На этом интеллектуальном фоне выросла впоследствии влиятельнейшая традиция. Идеи классиков Франкфуртской школы вдохновляли многих. Назовем хотя бы Маркузе и Фромма. В унисон с ними философствовали и французы, как бы они ни подчеркивали свою дистанцию по отношению к немецкой мысли. И тезис о не-тождественном, о необходимости борьбы с “мышлением тождества” под эгидой Различия (см. difference у Жиля Делёза); и тезис о культуриндустрии как имитации (см. симуляцию у Жана Бодрийара); и критика западноевропейской рациональности за неявно присущий ей тоталитаризм (см. разоблачение дискурса разума как дискурса власти у Мишеля Фуко и Жана-Франсуа Лиотара). Весь этот круг идей, весьма популярных между тем и у нас, можно найти в труде основателей Франкфуртской школы. Что и говорить, классика.
Но все это я пишу об оригинале — о “философских фрагментах”, собранных Хоркхаймером и Адорно в 1944-м и изданных в 1947-м. В какой мере это относится к книге, вышедшей по-русски в 1997-м? Русское переложение “Диалектики просвещения” оставляет двойственное впечатление. Как человек, знакомый с проблемами философского перевода, знаю, что переводить таких авторов, как Адорно, — сущая каторга. Поэтому снимаю шляпу перед Михаилом Кузнецовым, не побоявшимся взяться за эту тяжелую и неблагодарную работу. Как читатель, ожидающий от русской книги приемлемого русского языка, не могу все же удержаться от одного замечания. М. Кузнецов оставил продукт своего труда в несколько необработанном виде: на нем слишком видны как следы шлифовки, так и рубцы и царапины, изобличающие муки интерпретации и перевода. Местами для того, чтобы понять, о чем идет речь, проще заглянуть в немецкий текст, чем перечитывать русский пассаж, — настолько там усложнен синтаксис и настолько он перегружен латинизмами. Еще у меня создалось впечатление, что к середине книги переводчик (и редактор?) изрядно устал. Иначе как объяснить, например, постоянное повторение словечка “является” на странице 210: “Обе доктрины являются одновременно истинными и ложными. Первая является истинной в том смысле, что ее сделал истинной фашизм. Евреи являются сегодня той группой, которая как на практике, так и в теории навлекает на себя волю к уничтожению…”? Однако, повторю, эти и подобные им огрехи на фоне гигантской (вне всяких сомнений, весьма квалифицированной) работы — простительная мелочь.

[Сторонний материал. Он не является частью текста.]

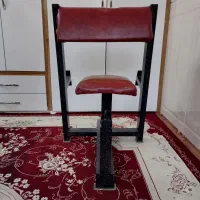 دستگاه پرس سینه چندکاره و دستگاه لاری جلو بازو|تجهیزات ورزشی|نجف‌آباد, ویلاشهر|دیوار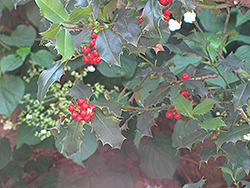 English Holly (Ilex aquifolium) at Bayport Flower Houses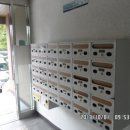 평화로03 이미지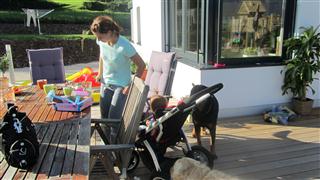 Rottweiler - Ares und Davis Rottweiler - Ares und Davis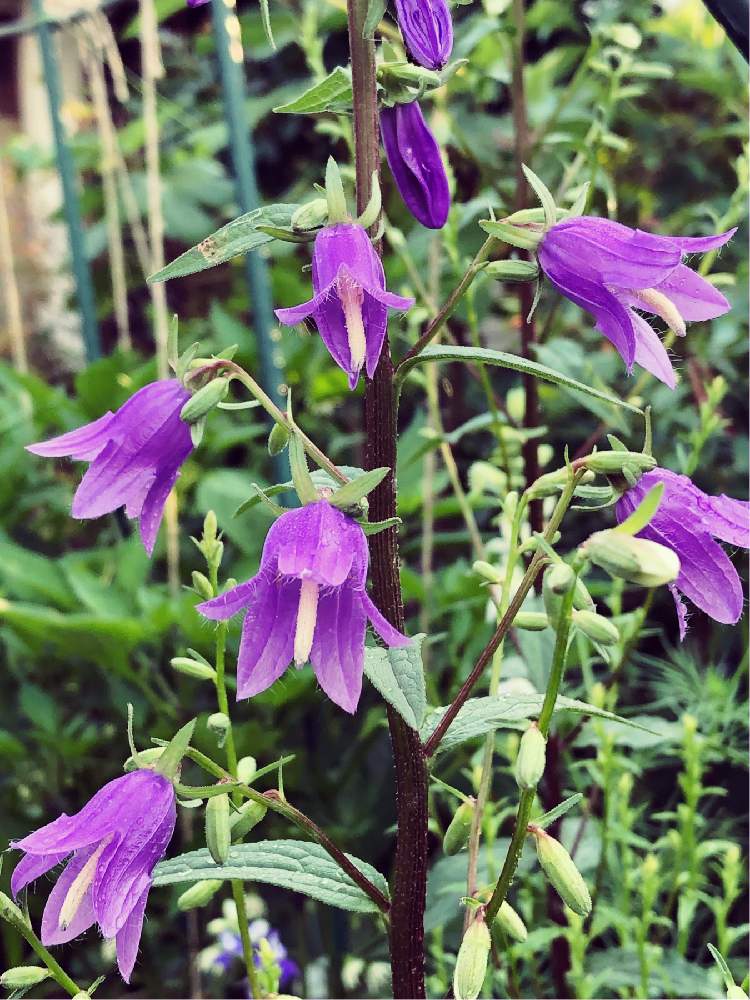 カンパニュラの投稿画像 By Okapiさん 好きな花と植物のある生活と植物のある暮らしと植物男子と庭の花と山野草とおうち園芸とiphone8撮影と花のある暮らしとお花のある生活 月6月9日 Greensnap グリーンスナップ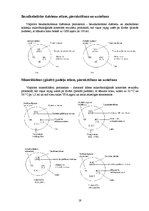 Prakses atskaite 'AS "Aldaris"', 16.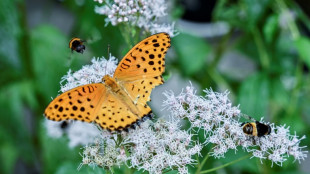 Draft UN nature deal calls to protect 30% of planet by 2030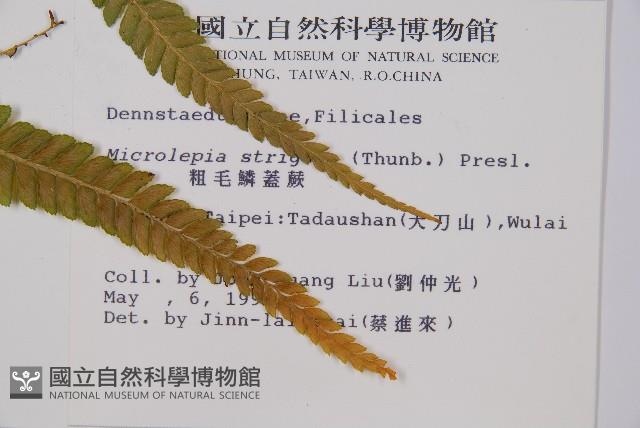 Accession Number:P002203 Collection Image, Figure 2, Total 5 Figures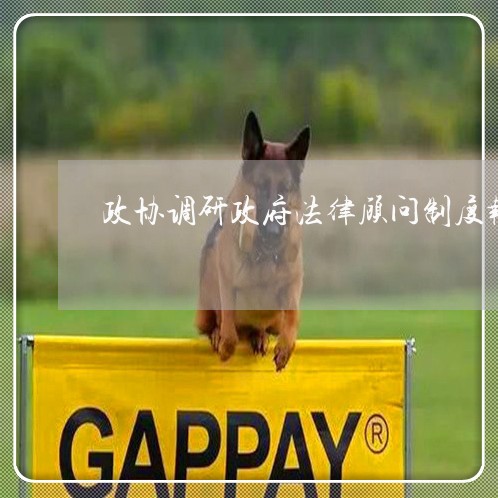 政协调研政府法律顾问制度报告 政协调研政府法律顾问制度报告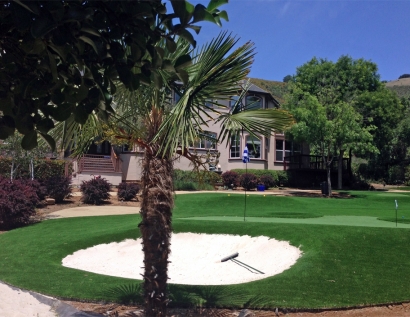 Artificial Grass Installation Georgetown, Texas Artificial Putting Greens, Front Yard Ideas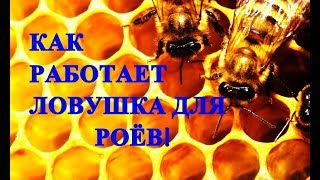 Ловля роев! Ловушка сработала! Роение!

Более серьезный упрек хотелось бы адресовать издателям. Избранный ими формат явно затрудняет и без того нелегкое чтение. Непонятно и полное отсутствие аппарата. Перед нами как-никак научный текст, и путешествие по нему без путеводителей (указателей, комментариев, предисловия, послесловия и так далее) под силу разве что профессионалам или отъявленным дилетантам-философам.